What the task requires: Repeat only the lines below from the one containing "1041 SW Dartmouth" through the one containing "Atlanta Falcons outside", inclusive, exactly as written.

Top of Records for the exercise

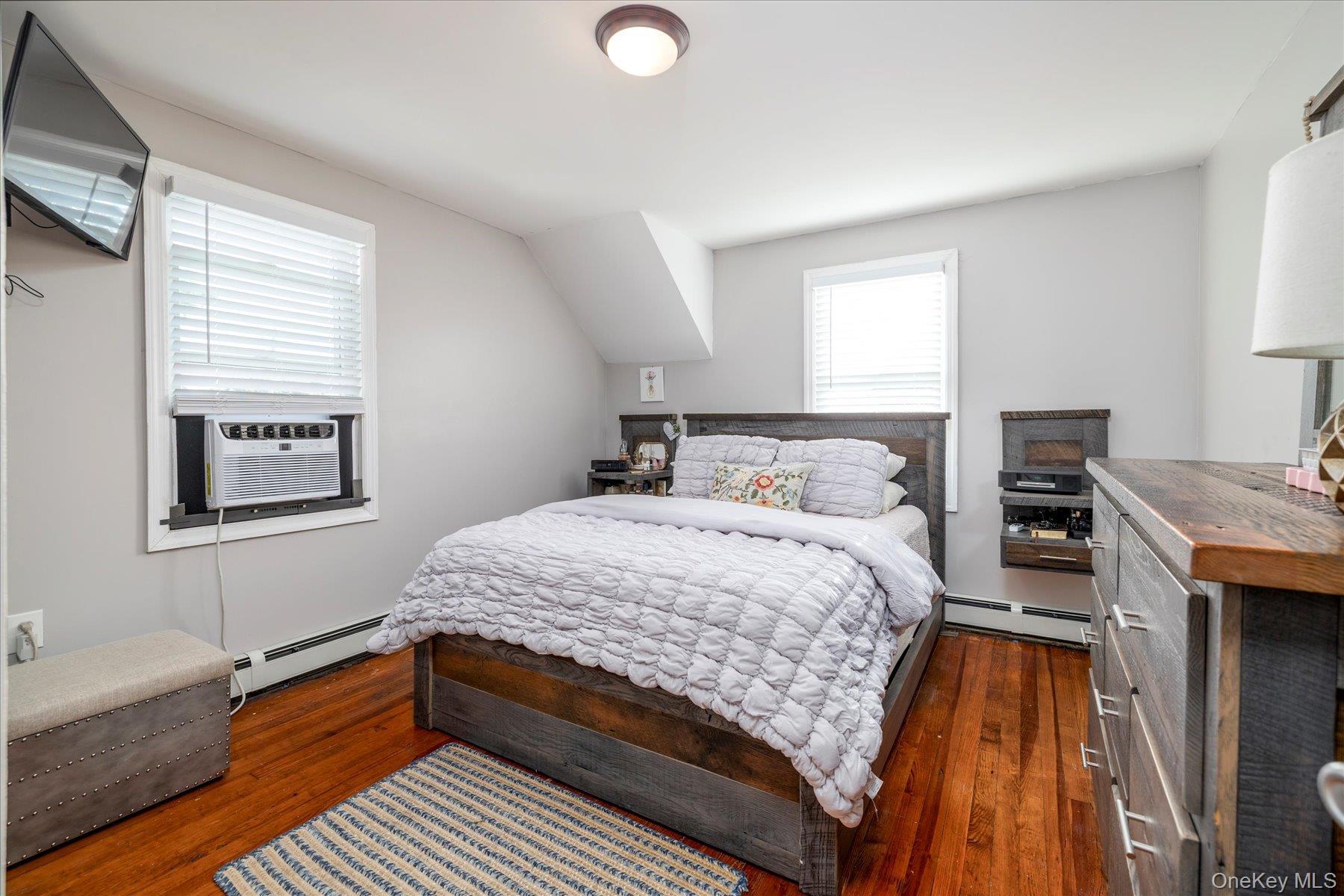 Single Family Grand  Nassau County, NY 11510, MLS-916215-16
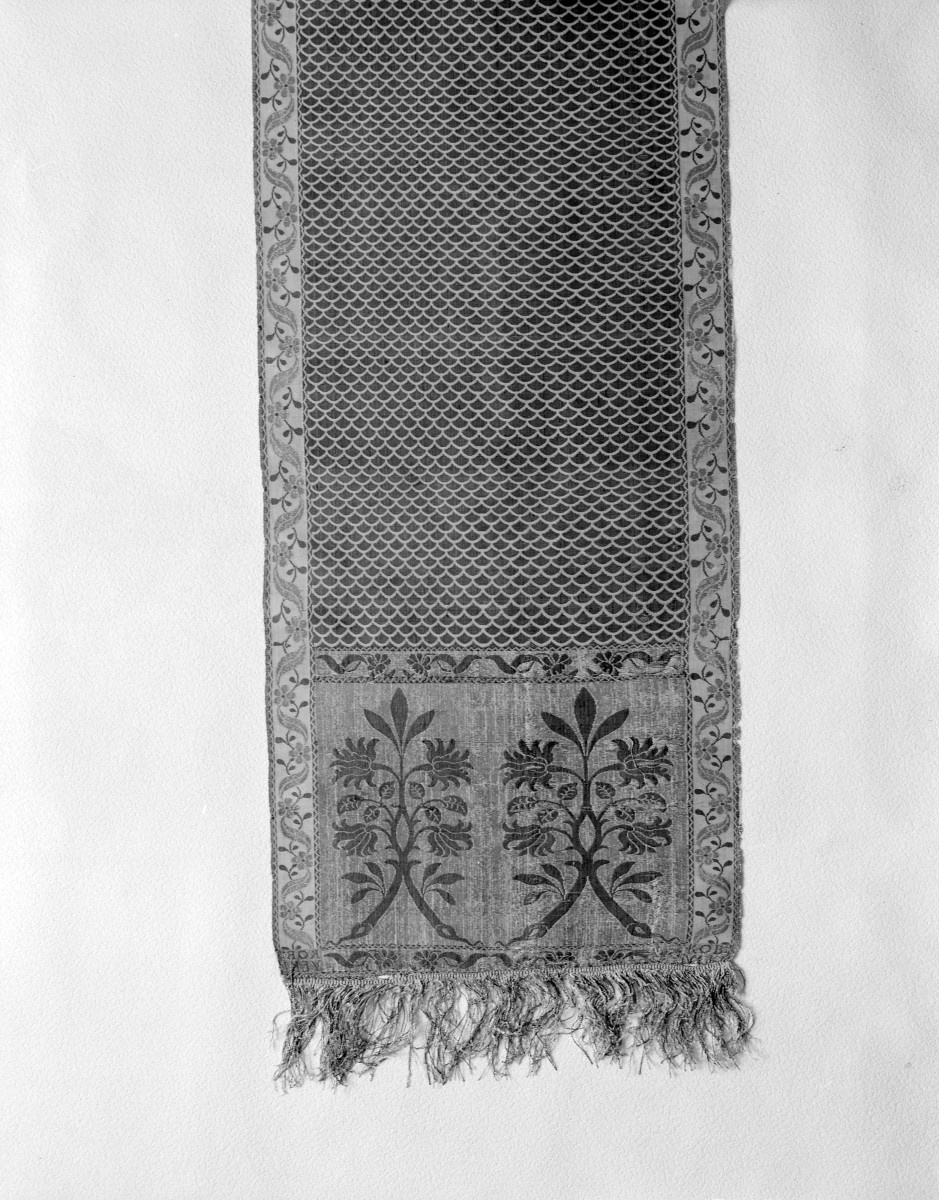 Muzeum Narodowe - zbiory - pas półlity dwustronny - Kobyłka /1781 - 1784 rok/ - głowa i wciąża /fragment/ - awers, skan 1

Bottom of Records for the exercise
Top of Records for the exercise

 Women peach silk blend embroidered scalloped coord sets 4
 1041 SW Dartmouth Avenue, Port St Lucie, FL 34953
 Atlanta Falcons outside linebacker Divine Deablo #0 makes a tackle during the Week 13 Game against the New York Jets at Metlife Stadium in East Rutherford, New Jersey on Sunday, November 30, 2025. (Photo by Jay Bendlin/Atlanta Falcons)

Bottom of Records for the exercise

Answer for the task:
 1041 SW Dartmouth Avenue, Port St Lucie, FL 34953
 Atlanta Falcons outside linebacker Divine Deablo #0 makes a tackle during the Week 13 Game against the New York Jets at Metlife Stadium in East Rutherford, New Jersey on Sunday, November 30, 2025. (Photo by Jay Bendlin/Atlanta Falcons)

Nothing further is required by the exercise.